If you’re looking for more hands-on tutorials and code examples, check out some of Google’s Codelabs (such as How to Interact with APIs Using Function Calling in Gemini) to guide you through examples of building a beginner function calling application.
AI Summary and Description: Yes
Summary: The text details the functionalities of Gemini 1.5 Pro, particularly focusing on its application in creating AI-powered trip planning agents through function calling and grounding. It provides insights for developers into leveraging the model with external APIs, enhancing the customer experience in domains like travel.
Detailed Description:
The text focuses on the capabilities unlocked by Gemini 1.5 Pro for developers to create AI agents aimed at improving customer service, especially in the travel sector. It particularly emphasizes the importance of function calling and grounding functionalities in enabling real-time responsiveness and personalized recommendations.
Key Points:
– **Gemini 1.5 Pro Overview**: The model offers developers tools to build AI agents, particularly useful in industries like travel for streamlining customer interactions.
– **Function Calling**: This feature allows AI models to interact with external APIs and systems, thereby expanding their utility. It enables dynamic responses based on real-time data.
– **Grounding**: This enhances the model’s ability to fetch relevant information from various external sources, increasing the accuracy and reliability of its responses.

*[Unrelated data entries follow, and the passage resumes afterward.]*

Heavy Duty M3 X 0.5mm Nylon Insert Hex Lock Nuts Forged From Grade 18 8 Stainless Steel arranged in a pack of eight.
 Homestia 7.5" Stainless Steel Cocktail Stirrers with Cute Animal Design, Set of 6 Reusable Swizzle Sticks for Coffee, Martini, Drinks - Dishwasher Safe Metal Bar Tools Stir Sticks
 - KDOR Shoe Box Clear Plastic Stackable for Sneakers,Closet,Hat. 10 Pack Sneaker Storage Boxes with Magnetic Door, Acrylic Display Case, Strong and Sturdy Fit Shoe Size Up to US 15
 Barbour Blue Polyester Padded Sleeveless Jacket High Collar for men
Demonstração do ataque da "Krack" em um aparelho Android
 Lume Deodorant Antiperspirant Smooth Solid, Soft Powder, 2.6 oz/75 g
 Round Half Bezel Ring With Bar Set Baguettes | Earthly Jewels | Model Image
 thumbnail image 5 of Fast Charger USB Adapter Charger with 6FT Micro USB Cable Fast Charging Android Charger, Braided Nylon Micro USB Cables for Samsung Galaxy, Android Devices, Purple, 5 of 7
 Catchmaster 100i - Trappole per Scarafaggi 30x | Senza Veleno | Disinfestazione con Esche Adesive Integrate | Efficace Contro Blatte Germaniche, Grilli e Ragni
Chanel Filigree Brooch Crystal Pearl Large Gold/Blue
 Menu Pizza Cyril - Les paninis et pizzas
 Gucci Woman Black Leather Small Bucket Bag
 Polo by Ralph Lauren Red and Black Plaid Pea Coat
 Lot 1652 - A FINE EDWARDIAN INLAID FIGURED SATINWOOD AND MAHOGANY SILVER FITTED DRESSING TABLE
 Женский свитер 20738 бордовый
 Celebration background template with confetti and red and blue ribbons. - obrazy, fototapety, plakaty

– **Real-World Application**: A scenario is described where an AI engineer builds a trip planning agent, utilizing event and hotel APIs to provide tailored recommendations based on user queries.
– **Development Environment Setup**: The text outlines necessary steps for setting up the development environment, including:
– Installing necessary Python libraries.
– Configuring API keys for accessing external data sources.
– **Safety Settings**: The importance of incorporating safety settings in the model to filter out harmful or inappropriate outputs is mentioned, supporting a responsible AI development approach.
– **Testing and Implementation**: Examples of user queries are provided to highlight how the AI agent can interact with users, showcasing the practical application of function calling in generating relevant information in response to user inquiries.
The overall analysis underlines Gemini 1.5 Pro’s ability to facilitate the creation of responsive, contextually aware AI applications, emphasizing its significance for developers and organizations aiming to enhance customer interactions and satisfaction within specific domains like travel.